What the task requires:
In the records below, find the line with "Man wearing a", then retype it and every following line exactly, stopping after the line with "A second view". Leave the pictures out.

___ Data extract ___

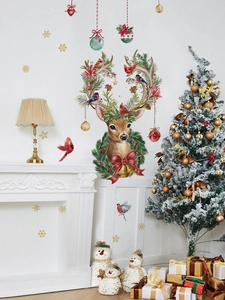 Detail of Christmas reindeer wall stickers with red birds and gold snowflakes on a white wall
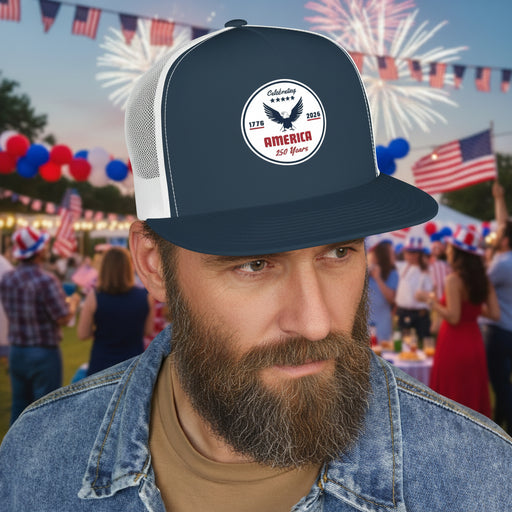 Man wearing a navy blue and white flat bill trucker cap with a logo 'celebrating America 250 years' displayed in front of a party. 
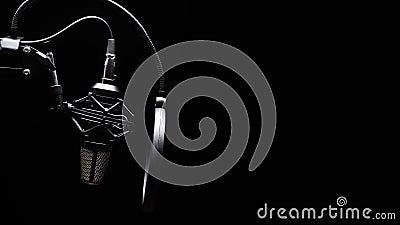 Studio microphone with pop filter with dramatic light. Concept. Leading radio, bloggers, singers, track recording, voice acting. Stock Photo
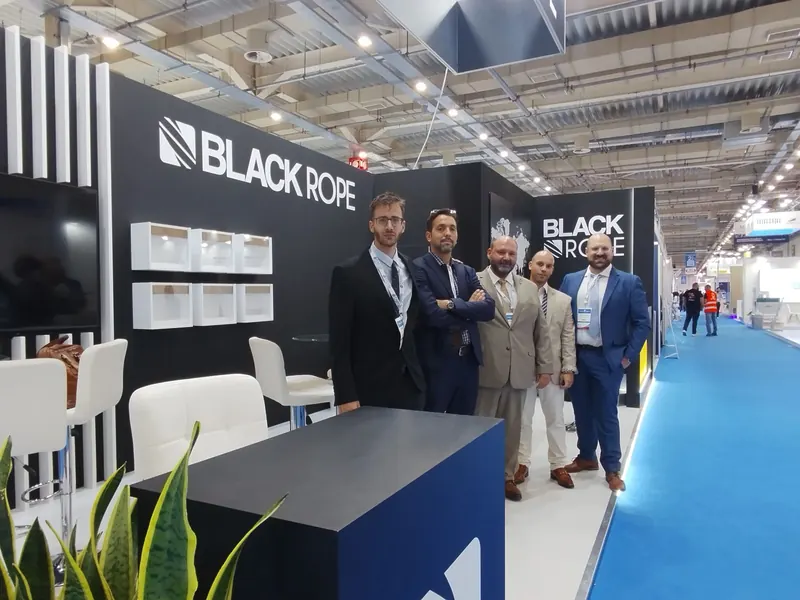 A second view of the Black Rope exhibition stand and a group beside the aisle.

___
___ Data extract ___

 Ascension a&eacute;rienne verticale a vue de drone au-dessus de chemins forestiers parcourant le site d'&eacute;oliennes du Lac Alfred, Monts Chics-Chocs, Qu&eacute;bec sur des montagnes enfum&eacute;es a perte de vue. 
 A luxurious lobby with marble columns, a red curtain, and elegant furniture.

___

Answer below:
 Man wearing a navy blue and white flat bill trucker cap with a logo 'celebrating America 250 years' displayed in front of a party. 
 Studio microphone with pop filter with dramatic light. Concept. Leading radio, bloggers, singers, track recording, voice acting. Stock Photo
 A second view of the Black Rope exhibition stand and a group beside the aisle.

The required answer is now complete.